Miss Lancaster, a gap year student, died from serious head injuries two weeks after the incident in Stubbylee Park, Bacup, in the early hours of August 11 last year. Her injuries were so severe that when paramedics arrived at the scene, they could not tell whether she was male or female.
Mr Maltby, an art student, survived but has not fully recovered from the attack.
Detective Superintendent Mick Gradwell said the alcohol-fuelled gang who attacked Miss Lancaster and Mr Maltby had behaved like animals, and that the case was “the most appalling example” of an element of British youth that enjoy extreme violence.
He said that both Harris and his mother had laughed throughout police interviews and showed a “shocking level of disregard” for the consequences of his behaviour.
Referring to the date on which Harris and Herbert are due to be sentenced, he said: “I am sure that when the barristers are in front of the judge on April 28 these people will show remorse.” But he said that in his view they had so far displayed no such attitude.
Today, Mr Maltby – who had been attacked four times before that night – said he had lost his “entire world” and wishes the gang that kicked her to death had killed him instead.
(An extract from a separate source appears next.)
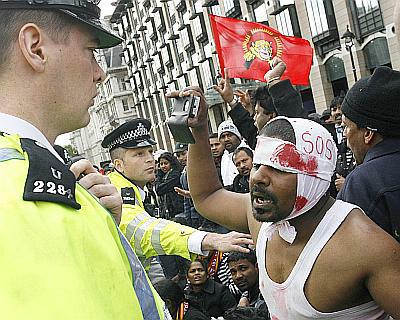 Pro-Tamil demonstrators face police after blocking a road in front of the Houses of Parliament in London
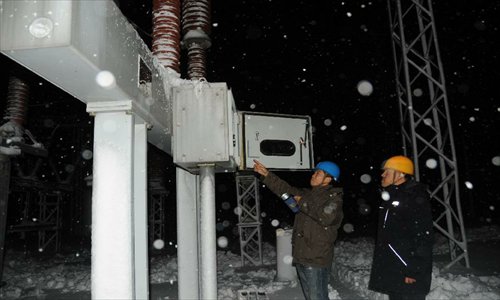 Working staff check power equipments at the Hegang Power Bureau in Hegang, northeast China's Heilongjiang Province, November 13, 2012. Heavy snowstorms have cut off regional power and water supplies as well as forced schools and highways to close in northeast China's Heilongjiang and Jilin provinces on Monday. Photo: Xinhua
Sylvia Lancaster, Sophie’s mother, issued a statement calling for something positive to come from her daughter’s death.
“Her death has also ruined the lives of those responsible as well as the lives of their families”, she said.
“On a wider scale it is a tragedy for a society which in the past has prided itself on its tolerance.
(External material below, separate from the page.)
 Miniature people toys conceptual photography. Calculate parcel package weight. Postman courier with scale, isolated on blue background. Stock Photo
“If we are to make any sense of Sophie’s death, perhaps we should see it as an opportunity to examine how all of us, particularly younger people, can become blinkered. I believe that today, more than ever, we need to show respect, compassion and tolerance for those whose appearance and culture differs from our own.”
On the night they were attacked, Miss Lancaster and her boyfriend were walking home to their flat shortly after midnight when they began chatting with a group of teenagers.
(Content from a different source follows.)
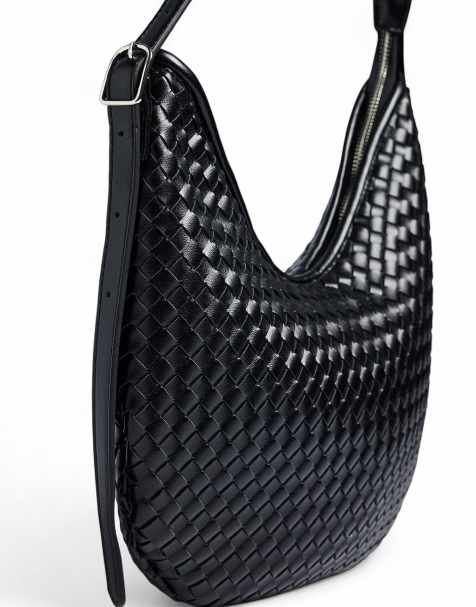 NA-KD – Abgerundete Handtasche in Flechtoptik in Schwarz - view 1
The conversation was initially good-natured, and the couple handed out cigarettes, before the mood changed suddenly when the five teenager boys turned on Mr Maltby in the skating area of the park.
During his trial, Harris admitted starting the chain of events that led to Miss Lancaster’s death by punching Mr Maltby once in the face, but said he then played no further part in attacking him or his girlfriend.
He told police he did not know why he landed the first blow and was just “drunk and showing off”.
Giving evidence at the two-week trial, he said he stood aside as up to four youths continued the attack on Mr Maltby. He then looked on as Miss Lancaster was hit in the face with a volley kick from a 16-year-old boy, Ryan Herbert, who has already pleaded guilty to her murder.
Harris told the jury that Herbert was solely responsible for her death. He was however convicted of murder after a number of witnesses, all aged between 14 and 17 – some of whom knew the defendant – claimed he was “in the thick of it”, as he joined in the kicking and stamping of Miss Lancaster as she cradled her unconscious boyfriend’s head.
Both Harris and Herbert have pleaded guilty to causing grievous bodily harm to Mr Maltby, along with three other males, two aged 17 and one aged 16 who cannot be named for legal reasons
It also emerged that Herbert and Harris, both from Bacup, have previous convictions after they chased a youth out of Stubbylee Park and assaulted him.
Both were given six months’ community service orders at Rossendale Youth Court for the attack in April last year.
Judge Russell praised the families of both Miss Lancaster and Mr Maltby, saying they had acted with dignity during what must have been “a very, very harrowing ordeal”.
He also publicly thanked the young witnesses who had helped the victims and given evidence in court despite loyalties that he described as “very strained”. He ordered them to be awarded £250 each by way of thanks.
The judge also explained that he was duty-bound to give Harris and Herbert life sentences given their convictions for murder, but that he would set the tariffs after reading pre-sentence reports.